Dissolved natural organic matter (DOM) is a ubiquitous component of natural waters and an important photosensitizer. A variety of reactive oxygen species (ROS) are known to be produced from DOM photochemistry, including singlet oxygen, 1O2. Recently, it has been determined that humic-like substances and unknown organic chromophores are significant contributors to sunlight absorption in snowpack; however, DOM photochemistry in snow/ice has received little attention in the literature. We recently showed that DOM plays an important role in indirect photolysis processes in ice, producing ROS and leading to the efficient photodegradation of a probe hydrophobic organic pollutant, aldrin.1 ROS scavenger experiments indicated that 1O2 played a significant role in the indirect photodegradation of aldrin. Here we quantitatively examine 1O2 photochemically produced from DOM in frozen and liquid aqueous solutions.
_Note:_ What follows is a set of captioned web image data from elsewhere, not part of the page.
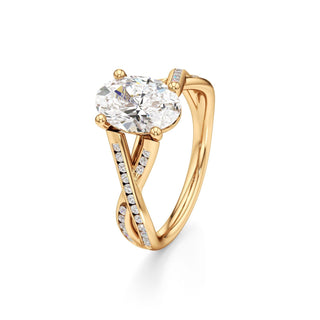 Twist Channel Set Basket Emerald Engagement Ring
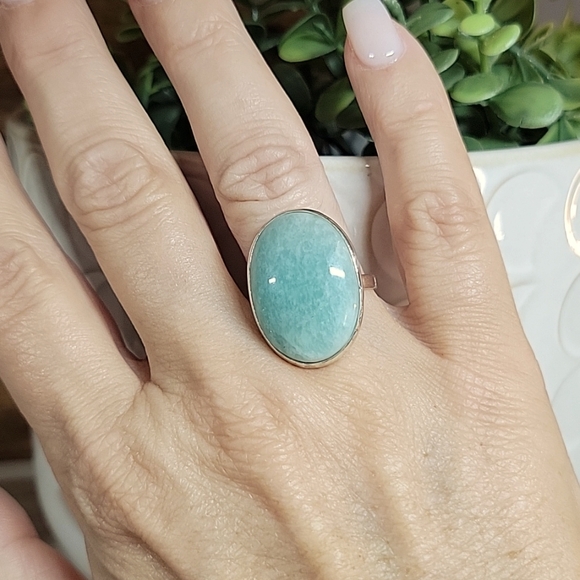 AMAZONITE BOLD OVAL RING - Picture 3 of 8
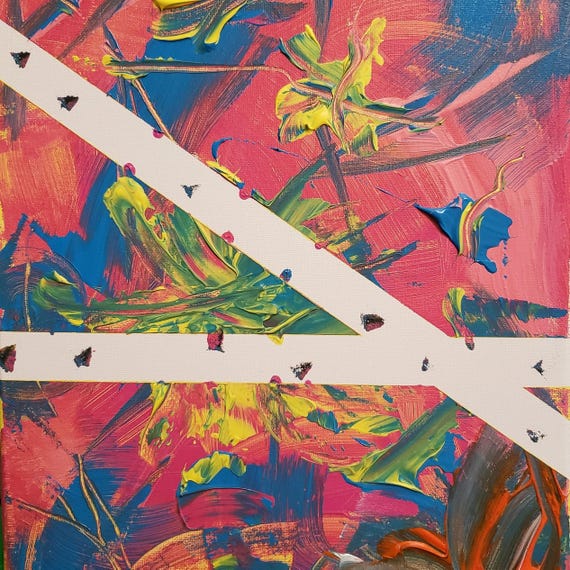 Abstract PRINT with mat 11x14 colorful pink cobalt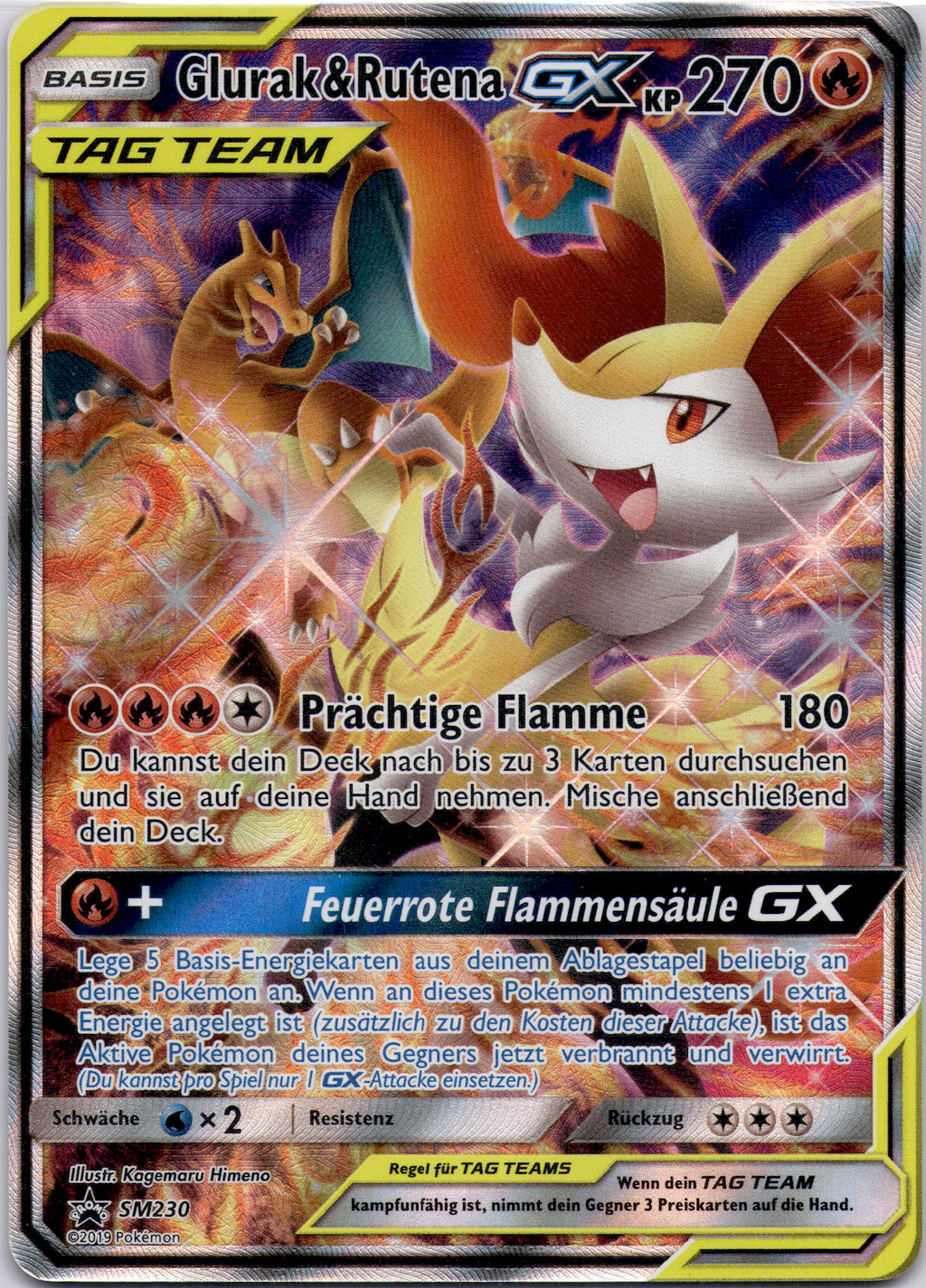 Glurak & Rutena GX (SM 230) Excellent #DE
Steady-state 1O2 production is enhanced up to nearly 1000 times in frozen DOM samples compared to liquid samples. 1O2 production is dependent on the concentration of DOM, but the nature of the DOM source (terrestrial vs microbial) does not have a significant effect on 1O2 production in liquid or frozen samples, with different source types producing similar steady-state concentrations of 1O2. The temperature of frozen samples also has a significant effect on steady-state 1O2 production in the range of 228–262 K, with colder samples producing more steady-state 1O2. The large enhancement in 1O2 in frozen samples suggests that it may play a significant role in the photochemical processes that occur in snow and ice, and DOM could be a significant, but to date poorly understood, oxidant source in snow and ice.
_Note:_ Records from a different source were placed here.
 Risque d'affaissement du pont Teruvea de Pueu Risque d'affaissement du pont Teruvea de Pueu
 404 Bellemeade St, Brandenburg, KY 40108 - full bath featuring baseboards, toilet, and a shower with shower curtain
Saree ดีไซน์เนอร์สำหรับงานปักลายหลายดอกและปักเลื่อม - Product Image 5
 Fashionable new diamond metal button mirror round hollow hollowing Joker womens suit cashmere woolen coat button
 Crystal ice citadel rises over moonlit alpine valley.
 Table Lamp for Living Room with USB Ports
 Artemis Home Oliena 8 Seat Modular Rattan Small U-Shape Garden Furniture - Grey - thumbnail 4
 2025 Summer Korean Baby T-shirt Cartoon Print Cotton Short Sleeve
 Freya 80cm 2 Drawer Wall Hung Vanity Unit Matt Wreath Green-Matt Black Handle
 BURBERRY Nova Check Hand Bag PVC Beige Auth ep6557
In this study, we provide evidence that dissolved organic matter (DOM) plays an important role in indirect photolysis processes in ice, producing reactive oxygen species (ROS) and leading to the efficient photodegradation of a probe hydrophobic organic pollutant, aldrin. Rates of DOM-mediated aldrin loss are between 2 and 56 times faster in ice than in liquid water (depending on DOM source and concentration), likely due to a freeze-concentration effect that occurs when the water freezes, providing a mechanism to concentrate reactive components into smaller, liquid-like regions within or on the ice. Rates of DOM-mediated aldrin loss are also temperature dependent, with higher rates of loss as temperature decreases. This also illustrates the importance of the freeze-concentration effect in altering reaction kinetics for processes occurring in environmental ices. All DOM source types studied were able to mediate aldrin loss, including commercially available fulvic and humic acids and an authentic Arctic snow DOM sample isolated by solid phase extraction, indicating the ubiquity of DOM in indirect photochemistry in environmental ices.